Lessons learned:
Think four times before doing stream-based XML processing, even though it appears to be more efficient than tree-based.
But if you have to do stream-based processing, make sure to use robust, fairly scaleable tools like XML::Templates, not sgmlspl. Of course it cannot be as pleasant as tree-based XML processing, but examine db2x_manxml, db2x_texixml and docbook2manxml.
Don't use XML::DOM directly for stylesheets. At least look at some of the XPath modules out there. Ideally, use a real stylesheet language like XSLT. A C-based implementation of XSLT is faster than any Perl hack you can come up with.
XSLT extensions sound bad, but it is not difficult to make most portions of a stylesheet portable between all XSLT processors.
Perl is not as good at XML as it's hyped to be. Too many !@#$% characters when using objects in Perl. Unicode support not thorough enough for some parts of DocBook processing. SAX not well-maintained.
Don't be afraid to use XML intermediate formats for converting to other markup languages. The rules for these formats are made for human consumption, not on purely logical considerations. It is difficult for XML tools to write “perfect” output in these formats: standard stylesheets (XSLT, DSSSL) cannot be used for converting to other markup languages, and embedding the markup rules into the conversion tool increases its complexity to unmanageable proportions.
You may offer to make a separate class that hides all this complexity from the rest of the conversion program, but the result will be the same as an XML intermediate format except for the plain text representation.
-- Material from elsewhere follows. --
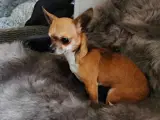chihuahua hun hund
However, being able to view the XML intermediate format in plain text makes the whole thing easier to debug.
Design the XML intermediate format to be easy to use from the standpoint of the conversion tool, and similar to how XML document types work in general. e.g. abstract the paragraphs of a document, rather than their paragraph breaks (the latter is typical of traditional markup languages, but not of XML).
Internationalize as soon as possible. That is much easier than adding it in later.
Same advice for build system.
Writing good documentation takes skill. This manual has has been revised substantially at least four times [2] , with the author consciously trying to condense information each time.